We the Animals Trailer
Stunning and visceral, the We the Animals trailer tells the story of Jonah (Evan Rosado) and his two brothers Manny and Joel. But his idyllic childhood of wrestling with his brothers and living wildly in upstate New York while his sensitive mother (Sheila Vand) spoils him, is interrupted when his irresponsible father (Raúl Castillo) puts them in danger. Their parents regularly abandon them on a whim, leaving the boys to fend for themselves and grow into embittered teens. But Jonah holds tight to the idealism of his childhood, often vanishing into an imagined world of his own.
Based off the best-selling 2011 novel by Justin Torres, We the Animals made a splash at Sundance when it premiered at the film festival earlier this year. The Seattle Times praised it as a "a haunting, singular coming-of-age story" while Indiewire proclaimed it to be "this year's Moonlight." The film won the NEXT Innovator Award and was quickly snatched up by Orchard for distribution later this summer.
The enchanting trailer seems to live up to the praise. It feels like a cross between the Japanese film Nobody Knows and Tree of Life — like Malick's meandering lyricism is given a tragic focus. And the performances from the young stars look like they're on par with the tour-de-force turns from Moonlight's young stars last year, which could put We the Animals in contention for this year's Oscar race.

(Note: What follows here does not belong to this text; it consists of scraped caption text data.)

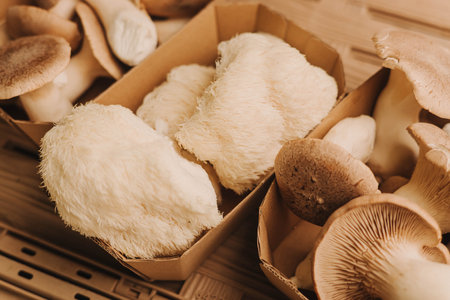 Close-up of exotic mushrooms in a paper boxes, champignons grown gourmet. Organic produce on sale at outdoor farmer market. Selling fresh crops and veggies harvest. European urban setting. Close upの写真素材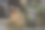 马鞍-婚礼欢迎横幅图片下载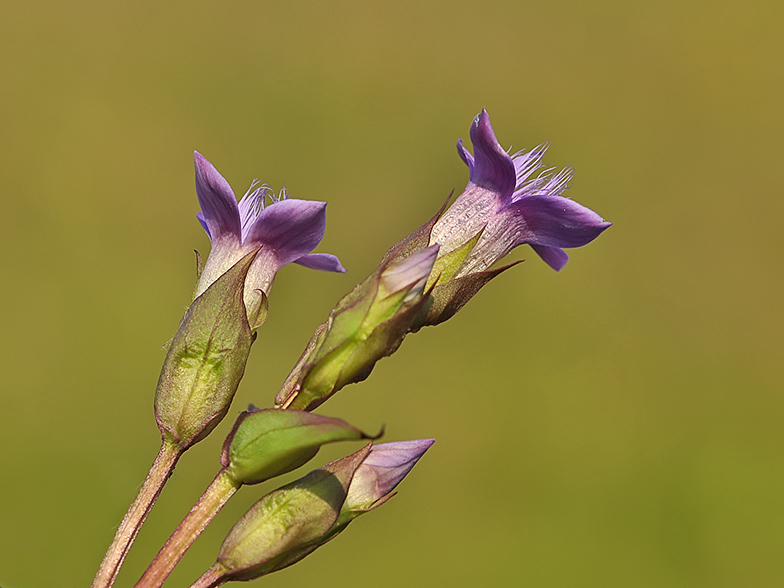 Gentiana campestris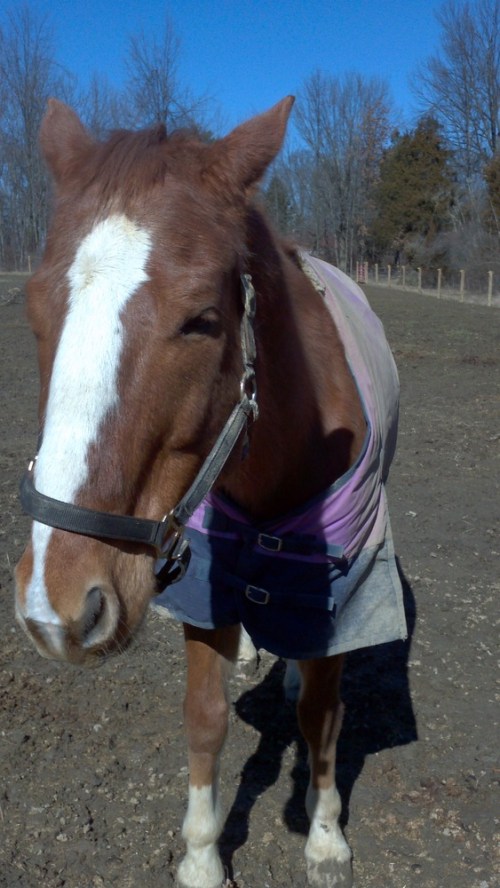 2012-02-26_13-00-36_677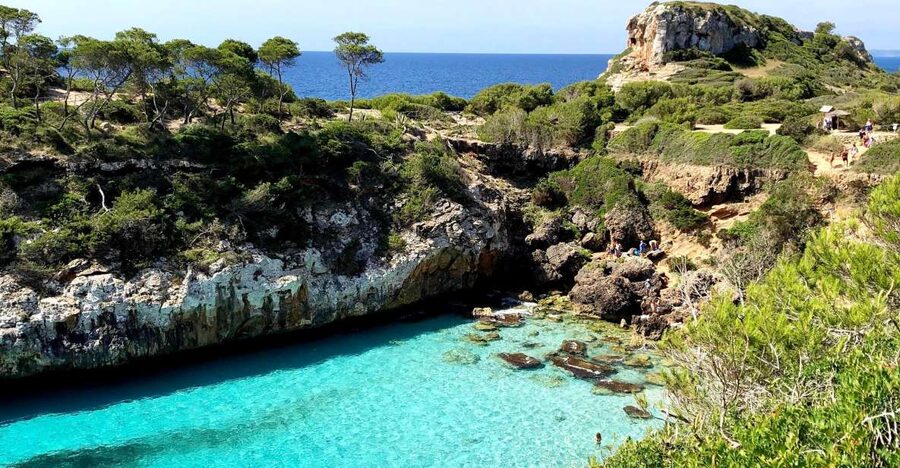 Cala des Moro/S'Almunia: Snorkel and SUP Tour - Key highlights to know before you go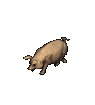 animated gifs pigs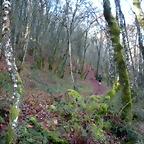 DSCN2084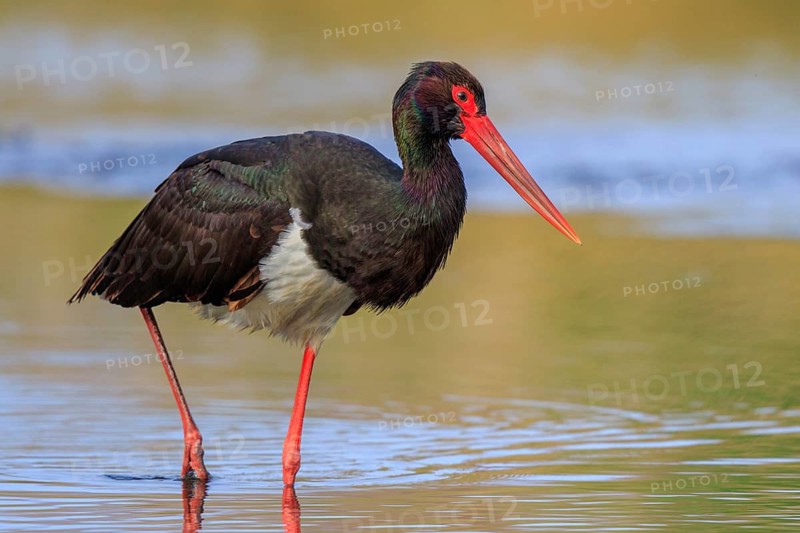 Black Stork (Ciconia nigra) foraging, Greece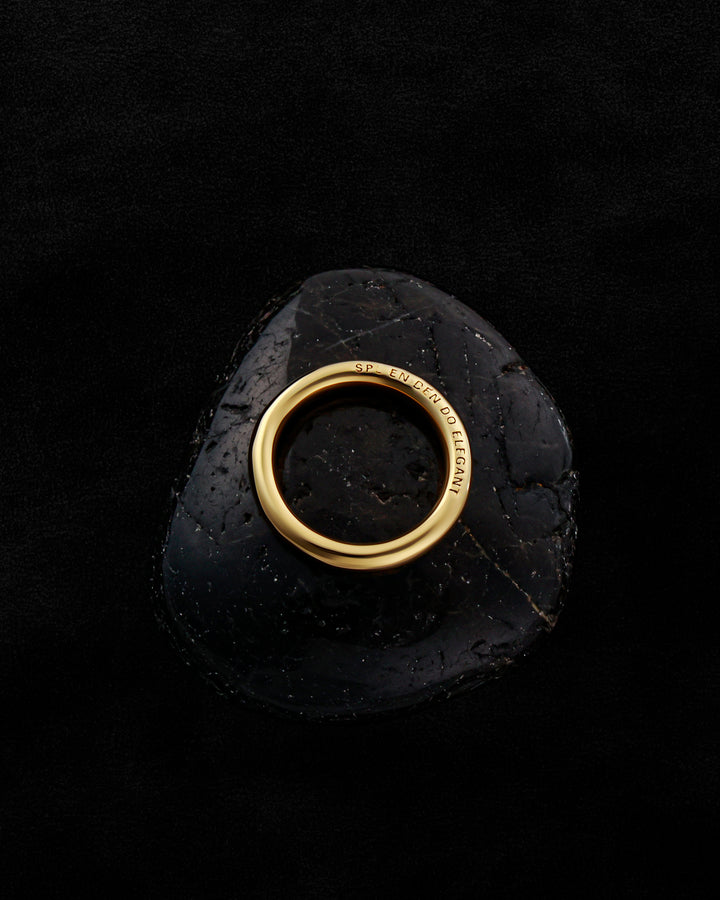 316L round ring #R30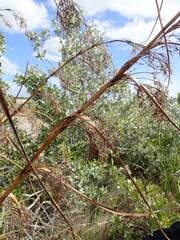 Cladium mariscus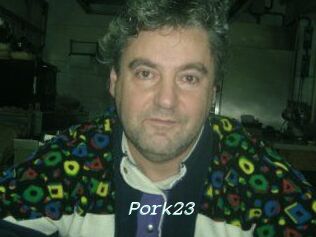 Pork23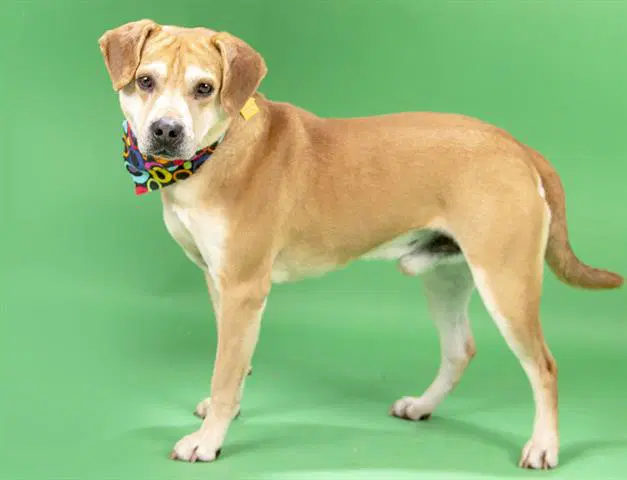 Chase - Beagle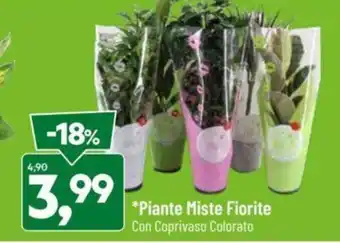 DPiù Piante Miste Fiorite Con Coprivaso Colorato offerta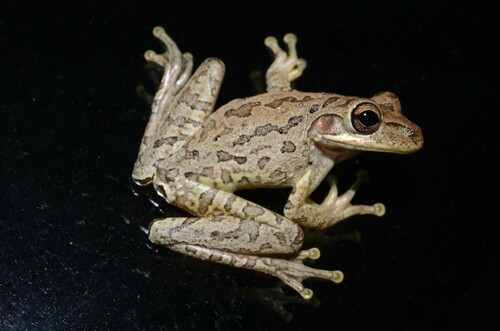 Image of Cuban Tree Frog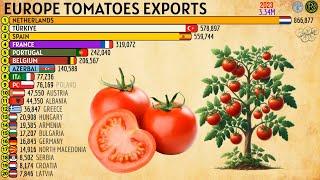 THE LARGEST TOMATO EXPORTERS IN EUROPE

Here is the official synopsis for We the Animals:
Manny, Joel, and Jonah tear their way through childhood. Their mother and father have a volatile relationship that makes and unmakes the family many times over, often leaving the boys fending for themselves. As their parents rip at one another, Manny and Joel harden and grow into versions of their father. With the triumvirate fractured, Jonah, who is the youngest, becomes increasingly aware of his desperate need to escape. Driven to the edge, Jonah embraces an imagined world all his own.